╭─ DATASET RECORDS

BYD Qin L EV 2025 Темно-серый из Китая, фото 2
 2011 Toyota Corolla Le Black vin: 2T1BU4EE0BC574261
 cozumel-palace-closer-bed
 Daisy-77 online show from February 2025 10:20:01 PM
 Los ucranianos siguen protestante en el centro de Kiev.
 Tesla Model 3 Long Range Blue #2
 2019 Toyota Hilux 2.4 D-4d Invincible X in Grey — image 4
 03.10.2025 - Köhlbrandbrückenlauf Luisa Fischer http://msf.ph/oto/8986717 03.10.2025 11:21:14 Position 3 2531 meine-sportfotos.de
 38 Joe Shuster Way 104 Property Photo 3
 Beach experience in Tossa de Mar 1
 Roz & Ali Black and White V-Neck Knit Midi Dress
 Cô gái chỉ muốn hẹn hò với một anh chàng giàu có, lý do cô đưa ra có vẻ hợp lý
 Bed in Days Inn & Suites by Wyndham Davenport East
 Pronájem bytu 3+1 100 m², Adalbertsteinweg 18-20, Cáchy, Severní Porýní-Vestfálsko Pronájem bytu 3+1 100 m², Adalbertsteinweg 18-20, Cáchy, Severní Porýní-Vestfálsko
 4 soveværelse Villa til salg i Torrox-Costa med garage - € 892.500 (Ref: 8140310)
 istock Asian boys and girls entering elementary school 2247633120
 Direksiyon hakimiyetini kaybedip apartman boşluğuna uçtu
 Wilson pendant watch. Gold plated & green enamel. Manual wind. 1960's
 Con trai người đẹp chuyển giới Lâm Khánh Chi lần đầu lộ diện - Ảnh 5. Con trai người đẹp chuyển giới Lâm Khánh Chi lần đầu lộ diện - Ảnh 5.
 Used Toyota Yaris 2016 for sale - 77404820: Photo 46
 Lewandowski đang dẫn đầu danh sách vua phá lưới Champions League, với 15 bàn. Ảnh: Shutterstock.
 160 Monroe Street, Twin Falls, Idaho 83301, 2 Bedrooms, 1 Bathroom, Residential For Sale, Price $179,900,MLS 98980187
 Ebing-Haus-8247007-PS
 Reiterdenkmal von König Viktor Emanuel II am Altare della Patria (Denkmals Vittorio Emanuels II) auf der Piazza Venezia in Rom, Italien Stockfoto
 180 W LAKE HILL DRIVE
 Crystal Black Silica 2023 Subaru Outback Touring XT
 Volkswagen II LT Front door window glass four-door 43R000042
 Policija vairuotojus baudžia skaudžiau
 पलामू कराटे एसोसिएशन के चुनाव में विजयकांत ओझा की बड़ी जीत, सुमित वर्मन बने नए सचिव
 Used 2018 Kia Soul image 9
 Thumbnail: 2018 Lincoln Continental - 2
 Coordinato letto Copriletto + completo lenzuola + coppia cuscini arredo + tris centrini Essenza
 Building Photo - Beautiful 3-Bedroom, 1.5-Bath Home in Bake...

╰─

*TASK ITEM*.
Retype only this range exactly: the first line of the data through the line where "Roz & Ali Black" appears.

*EXPECTED ANSWER*.
BYD Qin L EV 2025 Темно-серый из Китая, фото 2
 2011 Toyota Corolla Le Black vin: 2T1BU4EE0BC574261
 cozumel-palace-closer-bed
 Daisy-77 online show from February 2025 10:20:01 PM
 Los ucranianos siguen protestante en el centro de Kiev.
 Tesla Model 3 Long Range Blue #2
 2019 Toyota Hilux 2.4 D-4d Invincible X in Grey — image 4
 03.10.2025 - Köhlbrandbrückenlauf Luisa Fischer http://msf.ph/oto/8986717 03.10.2025 11:21:14 Position 3 2531 meine-sportfotos.de
 38 Joe Shuster Way 104 Property Photo 3
 Beach experience in Tossa de Mar 1
 Roz & Ali Black and White V-Neck Knit Midi Dress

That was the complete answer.